### Data excerpts:
■ ■ ■ ■ ■ ■ ■
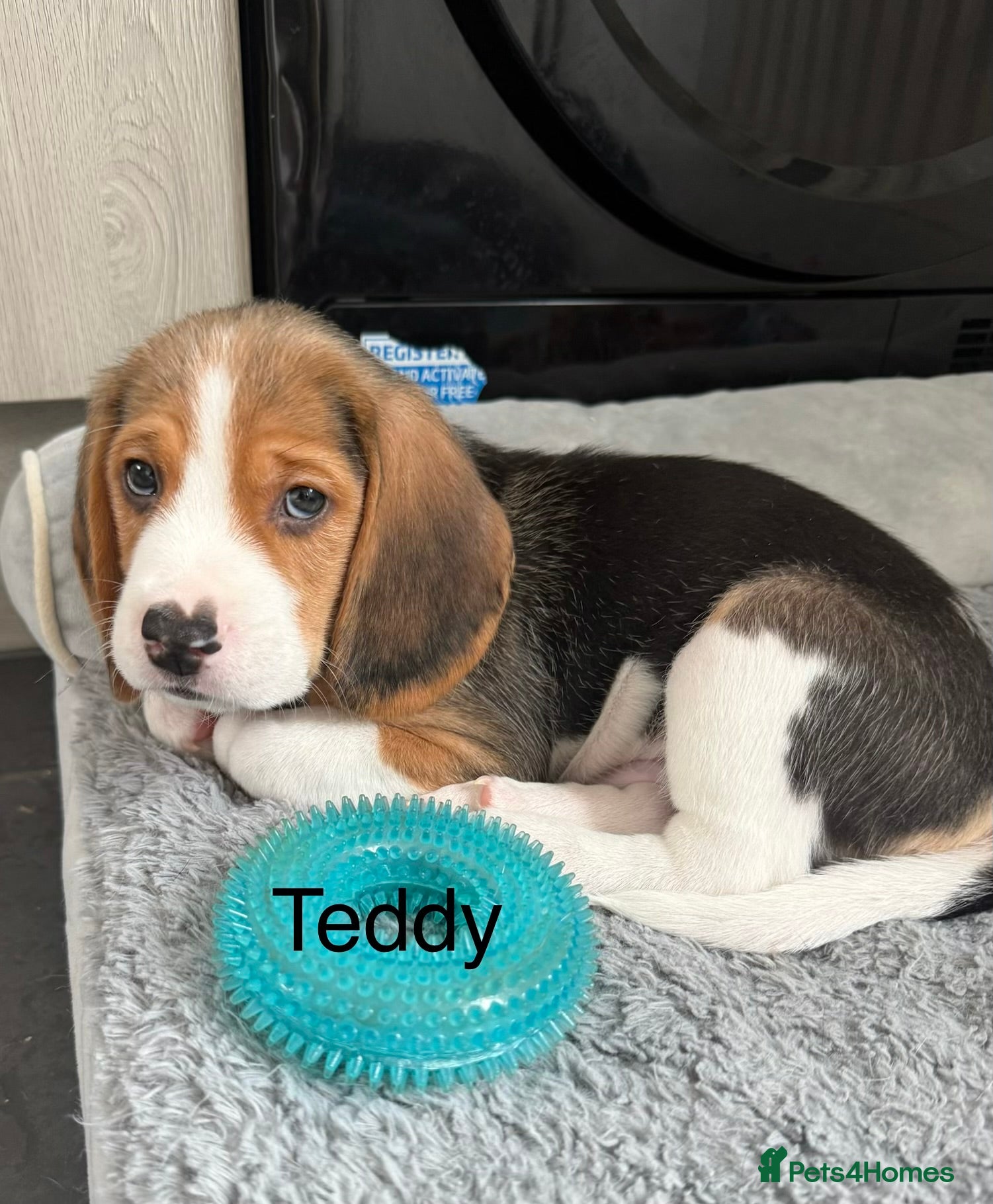 Beagle dogs Beagle puppies  - Advert 3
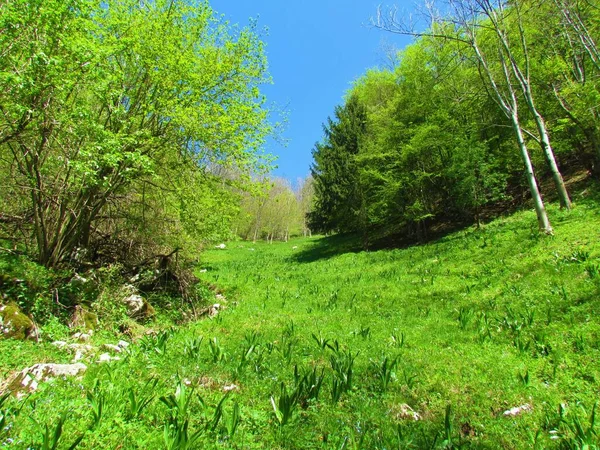 Strahlend Grüne Wiese Mit Spätfrühlingshafter Vegetation Umgeben Von Wäldern Die — Stockfoto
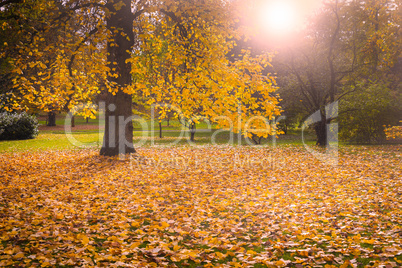 Herbstwald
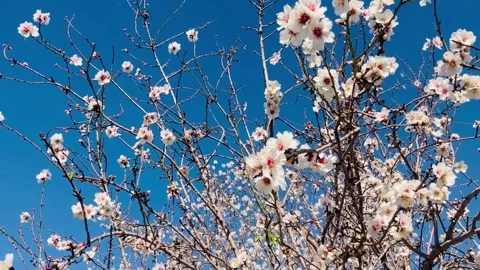 Almond trees in bloom. Stock Footage 238774323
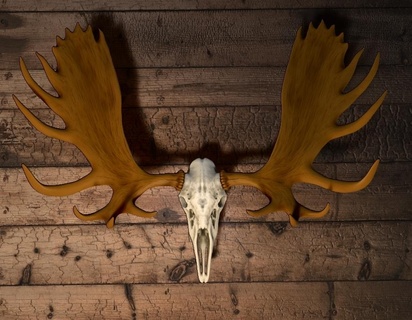 moose skull antlers 3d print model - Mito3D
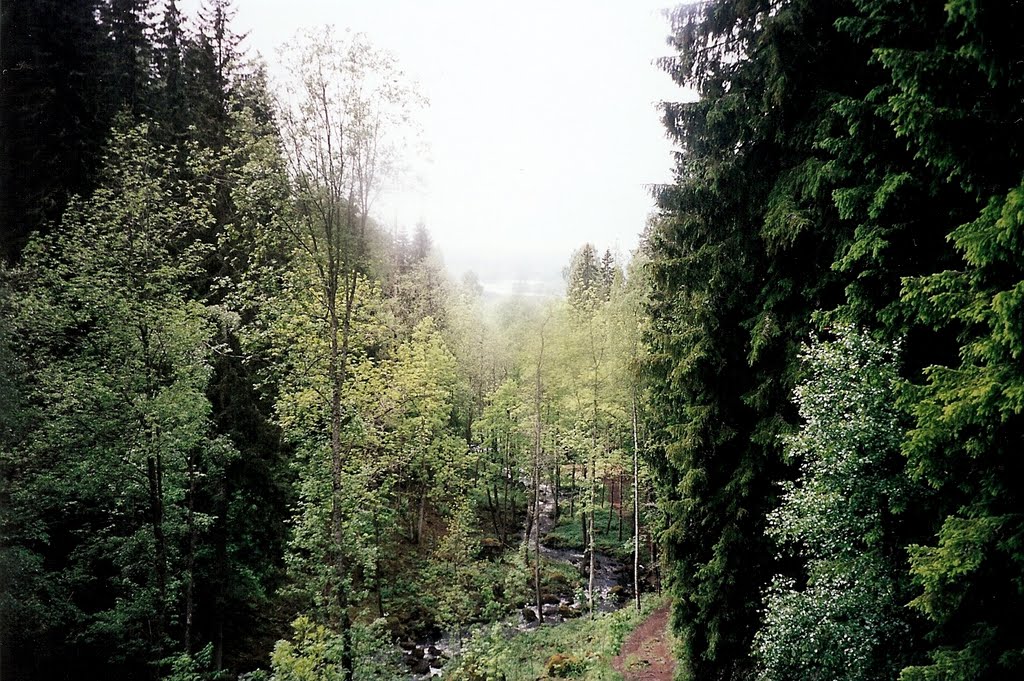 Ravinen Jättadalen öster om Öglunda 2002 by Biketommy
■ ■ ■ ■ ■ ■ ■
Retype the listing exactly. Pictures do not belong in the copy.

### Reply to the exercise:
 Beagle dogs Beagle puppies  - Advert 3
 Strahlend Grüne Wiese Mit Spätfrühlingshafter Vegetation Umgeben Von Wäldern Die — Stockfoto
 Herbstwald
 Almond trees in bloom. Stock Footage 238774323
 moose skull antlers 3d print model - Mito3D
 Ravinen Jättadalen öster om Öglunda 2002 by Biketommy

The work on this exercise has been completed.